### Dataset content

--

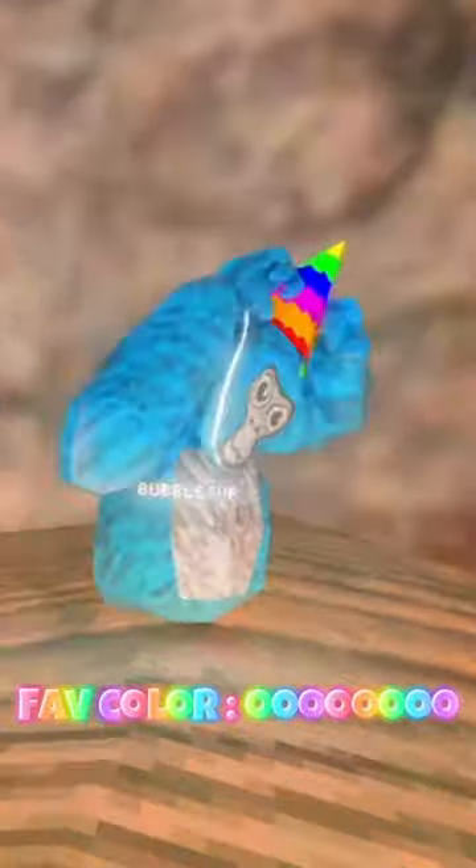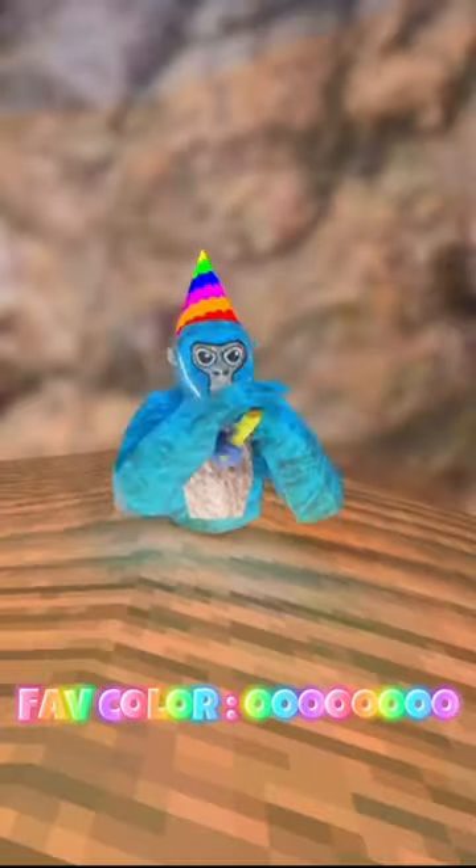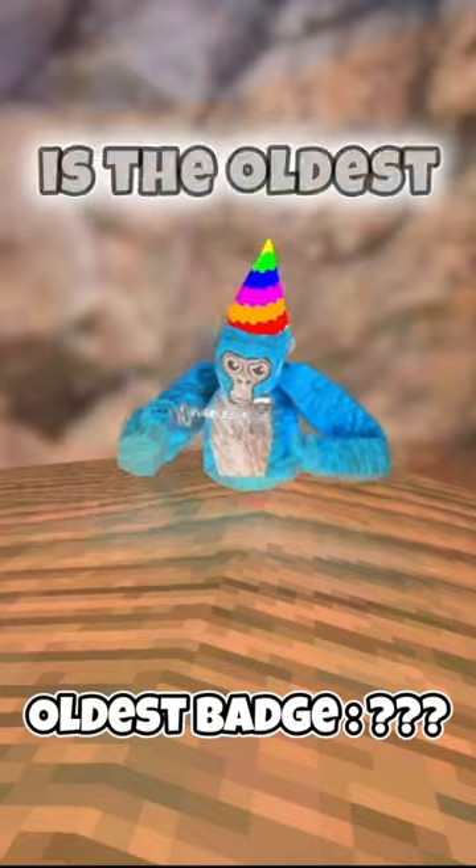Now we have to choose our favorite color. Next cosmetic is the oldest badge I own.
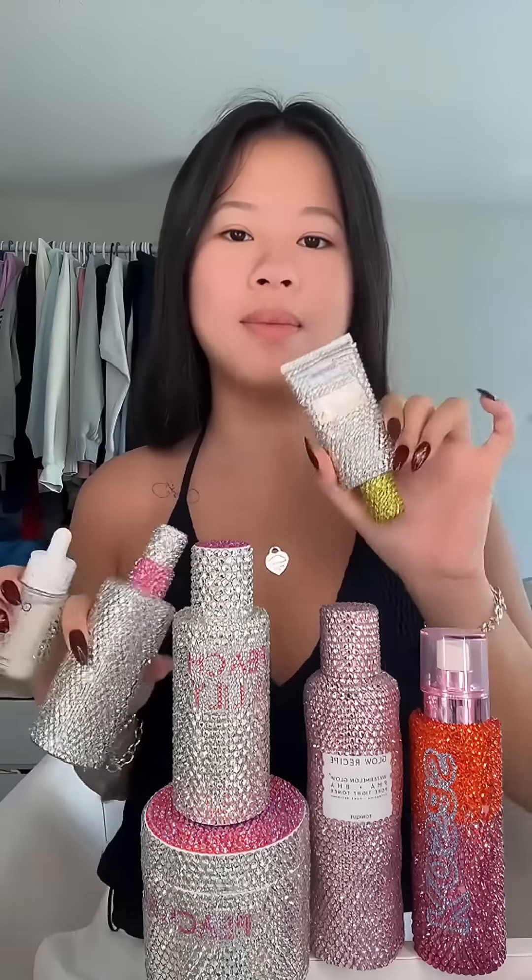Hey guys, get ready with me using all my bedazzled skincare. You guys always ask where I get my bedazzled skincare from, and almost 99% of it is gifted. These are from Peach and Lily - their hydrating toner pads, my favorite thing ever. This Glow Recipe toner is the first bedazzled item I ever got; it was actually a gift from Glow Recipe for my 18th birthday. I try not to use it too much because I don't want it to run out.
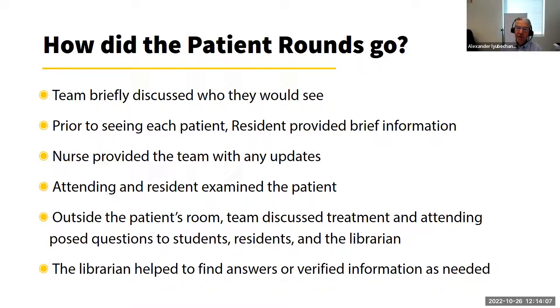This was the time when we really had to find information quickly using the iPad, looking up different databases to find answers or verify information. For example, there might be a discussion between resident and attending about which antibiotic to use for community-acquired pneumonia, so we'd look up the evidence and the newest guidelines.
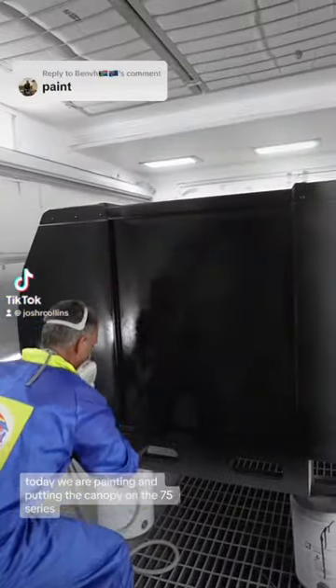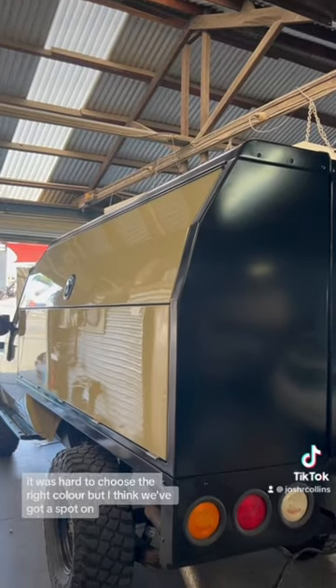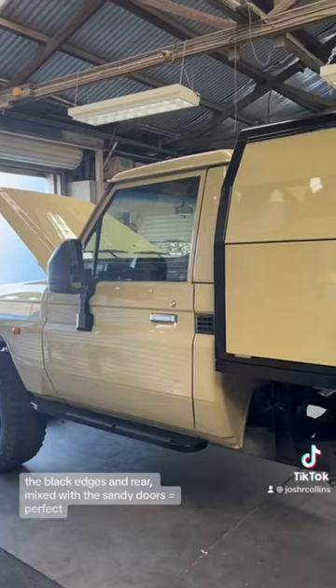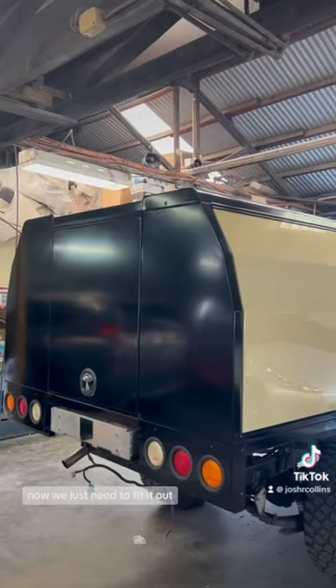Today we are painting and putting the canopy on the 75 series. It was hard to choose the right color but I think we've got it spot-on. I love how it looks and matches the car. The black edges and rear mixed with the sandy doors — perfect. Now we just need to fit it out.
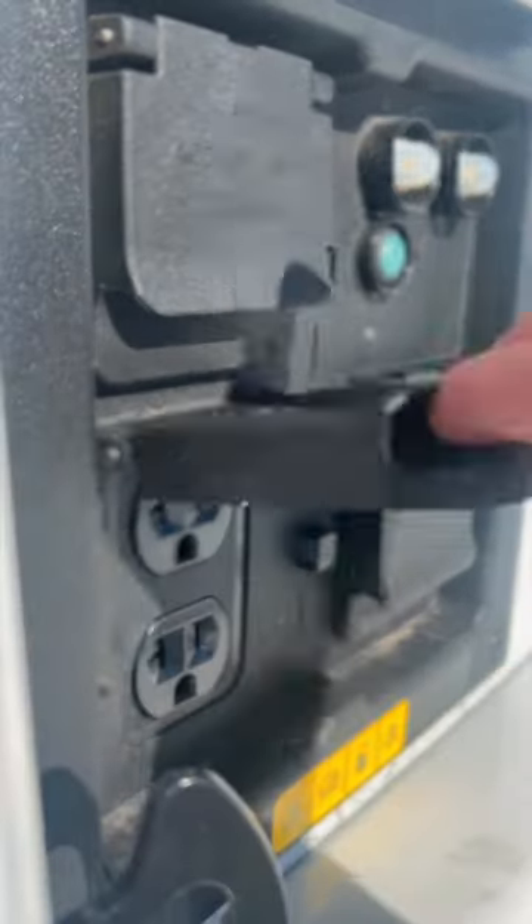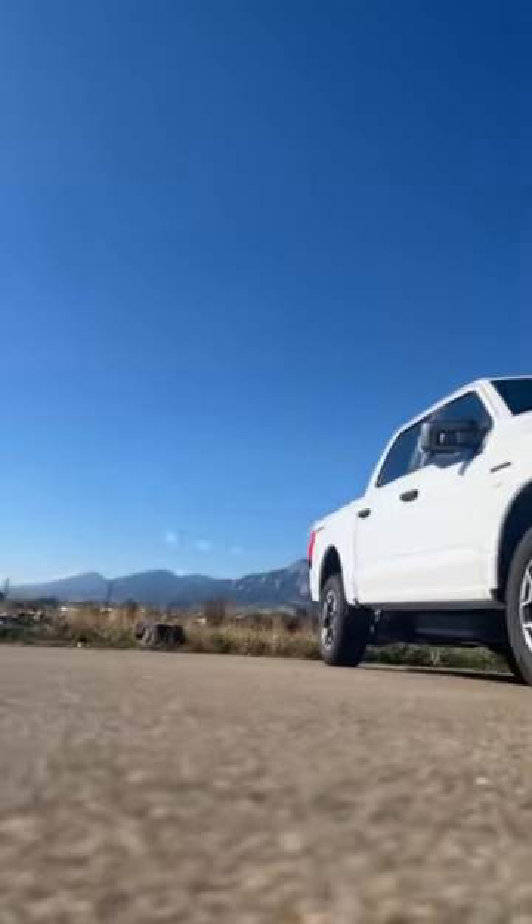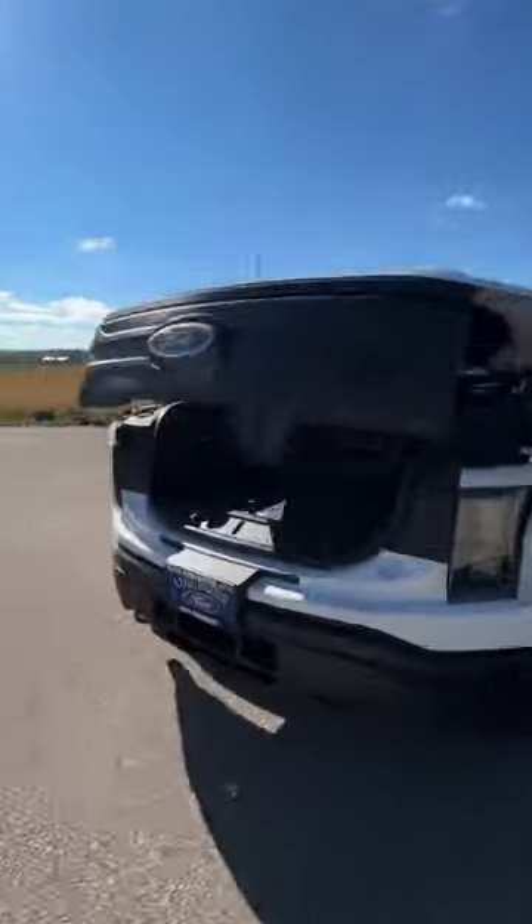Or you could buy the Ford version with the same size battery, which would save you about $20,000 and comes with an entire truck for free. The Ford Lightning can power your house just like a Tesla Powerwall, but it's also a truck that will do zero to 60 in under five seconds and, you know, do truck things.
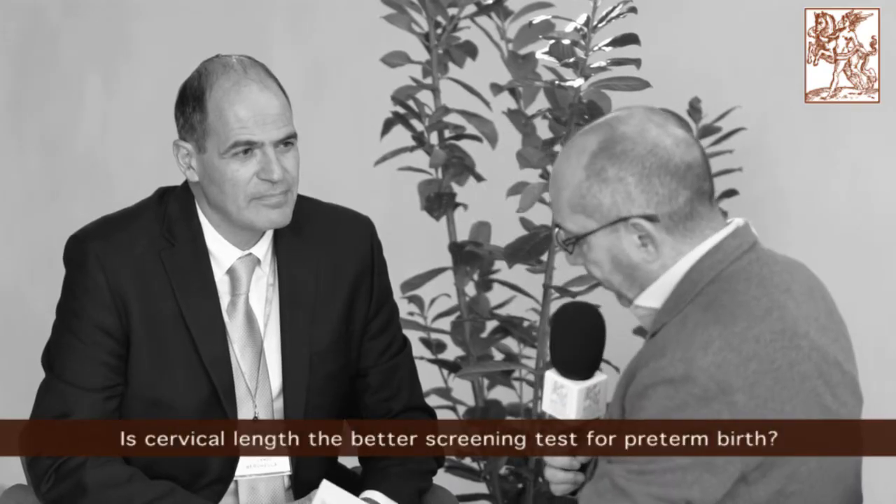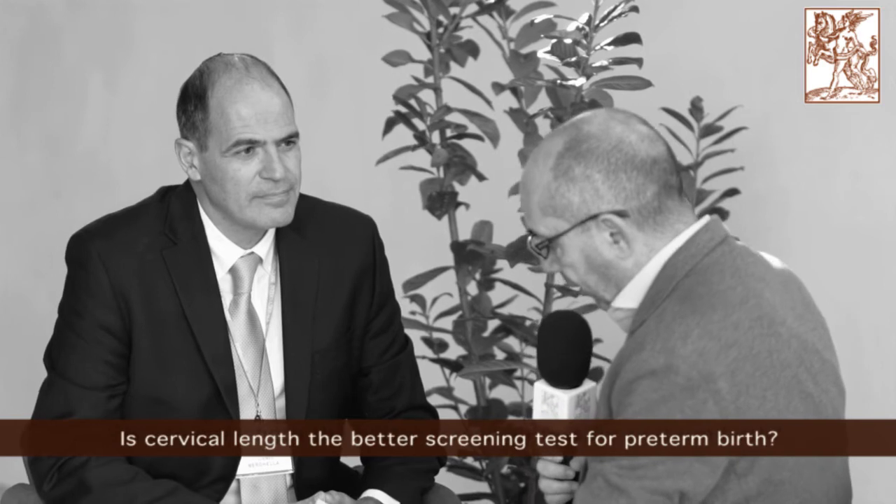Is cervical length the better screening test for pre-term birth? Yes, I think that cervical length measured by transvaginal ultrasound is the best marker to predict pre-term birth. It works differently in different populations. For example, if you have had a prior pre-term birth, it detects 70% of those women who are going to have a second pre-term birth. In singleton gestations without a prior pre-term birth, it only predicts about 30% of those going to deliver pre-term.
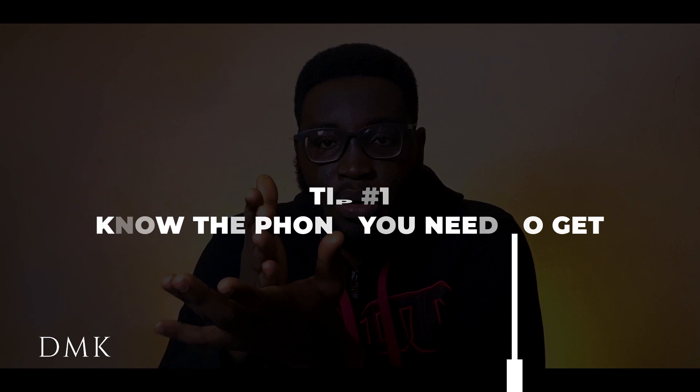Now guys, first things first — when you're getting a phone, you need to know exactly what you need in the phone and how best you can utilize its features. It is very, very important. You might have seen that one person that gets a phone they generally don't even understand how to use, don't understand the features, and are probably unwilling to learn. You end up asking yourself why they even bothered getting that particular phone. This is a serious waste of money.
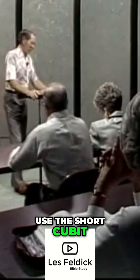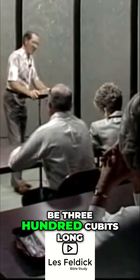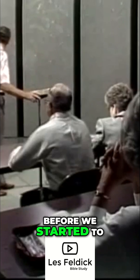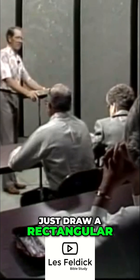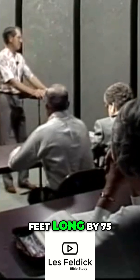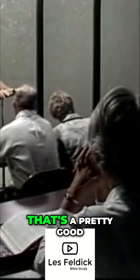If we use the short cubit and it was to be three hundred cubits long, I took the time before we started to just draw a rectangle on the board — four hundred and fifty feet long by seventy-five feet wide, and it was to be forty-five feet high from top to the bottom. Three stories — that'd be fifteen-foot ceilings. That's a pretty good-sized room, isn't it? Fifteen-foot ceilings.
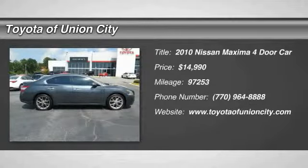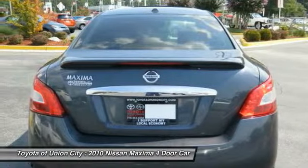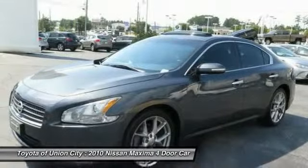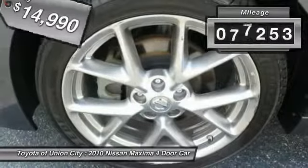2010 Maxima. Maxima offers elegance with an edge. The spacious interior provides refined comfort for up to five passengers. Advanced technologies such as Nissan Intelligent Key and Push Button Ignition offer convenience and control, and is priced below $15,000. This vehicle has less than 100,000 miles.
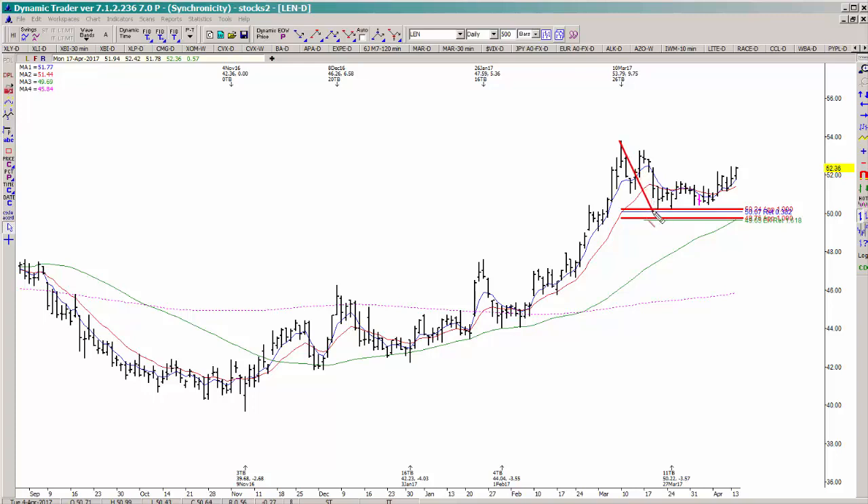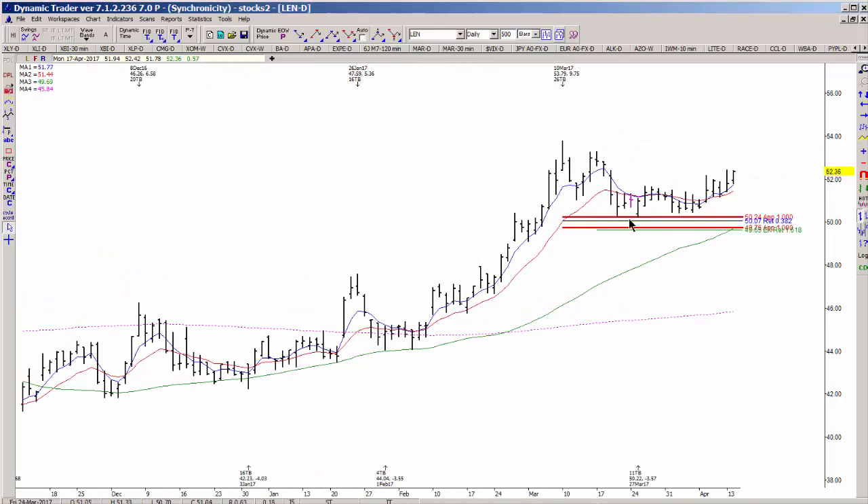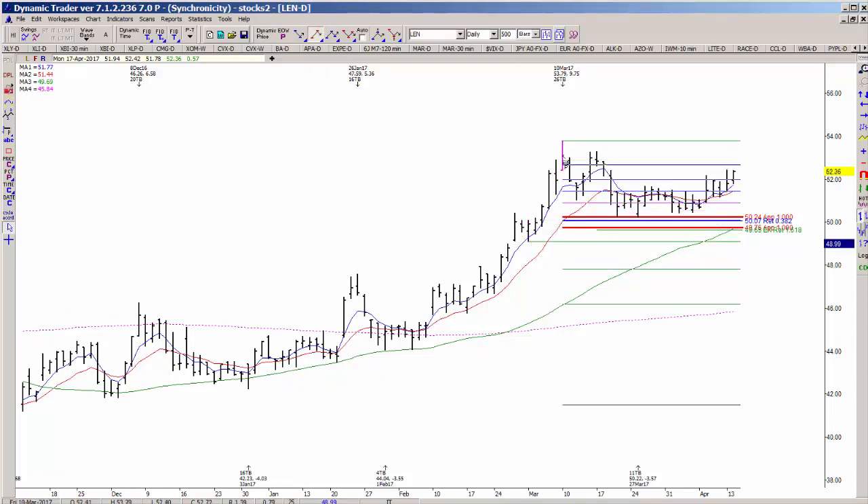What we found was that the most recent decline into support basically came from projecting a couple of prior declines. You can see that these two are very similar to the decline into this support decision. There was also the confluence of a 38.2% retracement of another swing, a 161.8% extension of yet another swing, and as a matter of fact there's also a 78.6% retracement of the smaller swing in here.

--

### Directions
Please write out exactly the lines from the one holding "If we use the" through the last line of the material above, both included, as a copy without pictures.

### Output for this task
If we use the short cubit and it was to be three hundred cubits long, I took the time before we started to just draw a rectangle on the board — four hundred and fifty feet long by seventy-five feet wide, and it was to be forty-five feet high from top to the bottom. Three stories — that'd be fifteen-foot ceilings. That's a pretty good-sized room, isn't it? Fifteen-foot ceilings.
2010 Maxima. Maxima offers elegance with an edge. The spacious interior provides refined comfort for up to five passengers. Advanced technologies such as Nissan Intelligent Key and Push Button Ignition offer convenience and control, and is priced below $15,000. This vehicle has less than 100,000 miles.
What we found was that the most recent decline into support basically came from projecting a couple of prior declines. You can see that these two are very similar to the decline into this support decision. There was also the confluence of a 38.2% retracement of another swing, a 161.8% extension of yet another swing, and as a matter of fact there's also a 78.6% retracement of the smaller swing in here.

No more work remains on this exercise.